酒田大火や東日本大震災の教訓を踏まえ、「災害に強いまちづくり」を重点課題に掲げる市が、本年度の新規事業「防災対策強化事業」として実施する。特に津波などは迅速な避難が生死を分けるため、正確な情報をいち早く住民に伝える狙い。
防災ラジオは幅20センチ、高さ10センチ、奥行き7センチの大きさ。コンセントからのアダプターか、電池で動き、通常はAM、FMのラジオが聞ける。ラジオをオフにしていたり、他局の放送を聞いているときでも、市の防災行政無線の緊急一斉放送か、国が発信する全国瞬時警報システム(Jアラート)が流れると、自動的に起動、放送する。
緊急一斉放送、Jアラートとも、酒田エフエム放送(ハーバーラジオ)を通じて放送される。Jアラートでは緊急地震速報や津波警報、弾道ミサイル警報などが流される。

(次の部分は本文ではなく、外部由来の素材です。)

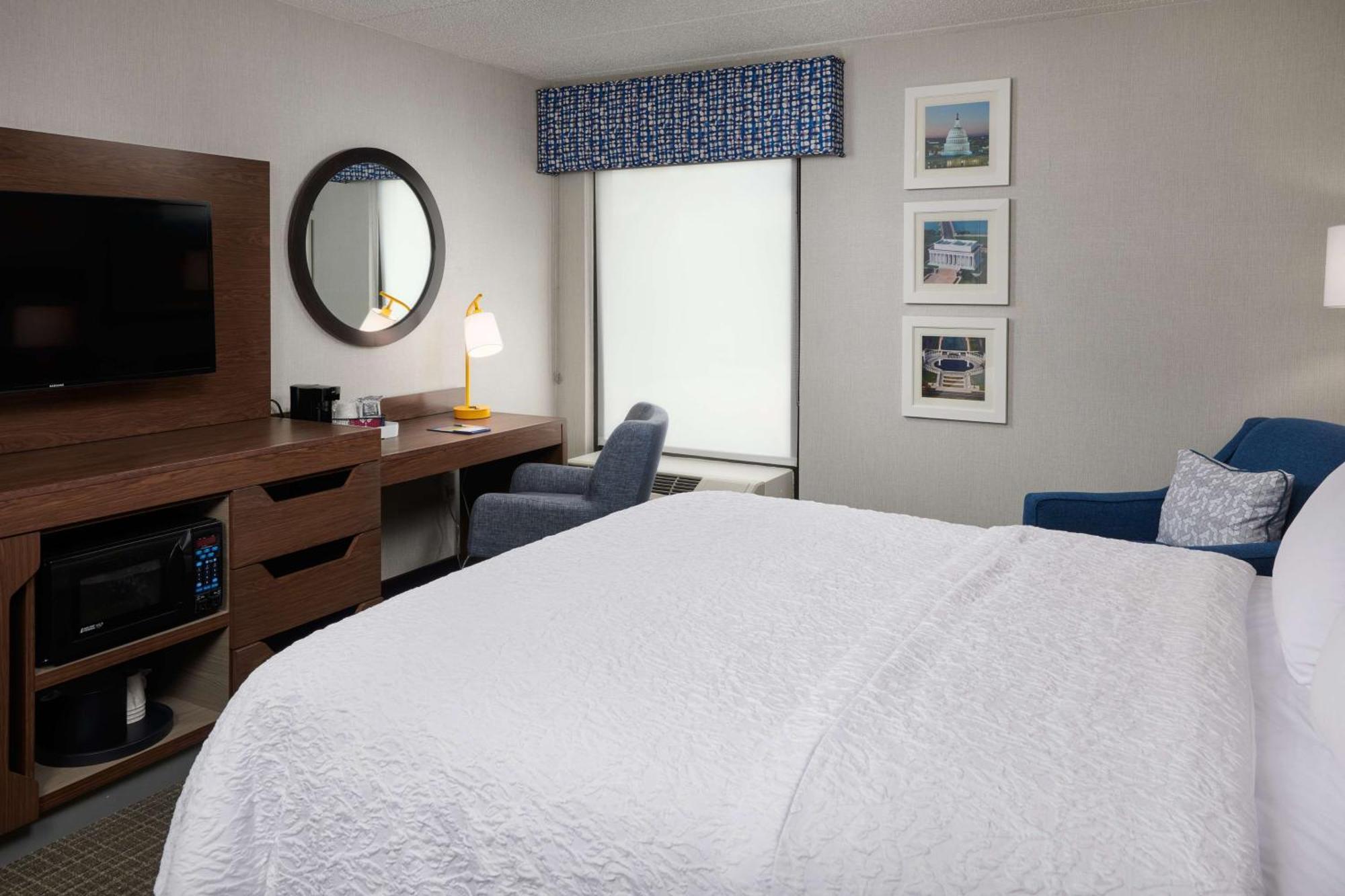 Hampton Inn Fairfax City Buitenkant foto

貸与するのは、既に防災行政無線の戸別受信機が全戸に設置されている平田、八幡、松山の旧3町地域と東平田地区の一部を除き、酒田地区の22コミュニティ振興会の会長と事務局長、324自治会長で、役職の重複を除く実人数は約350人。戸別受信機に比べ安価(1台1万円程度)で、市では事業費648万円で500台を購入した。残りについては貸与先を調整している。
28日、港南コミュニティ防災センターには港南、亀ケ崎両地区の自治会長ら約20人が出席。市危機管理課職員から「電池切れには注意」「役職を交代したら引き継いで」など注意事項を聞き、1台ずつ貸与を受けた。
東中の口東部自治会の高山良雄会長は「自治会の危機管理上、とても良いこと。安心につながる。自主防災組織の中で情報伝達の方法などを確認し、有効に活用したい」と話した。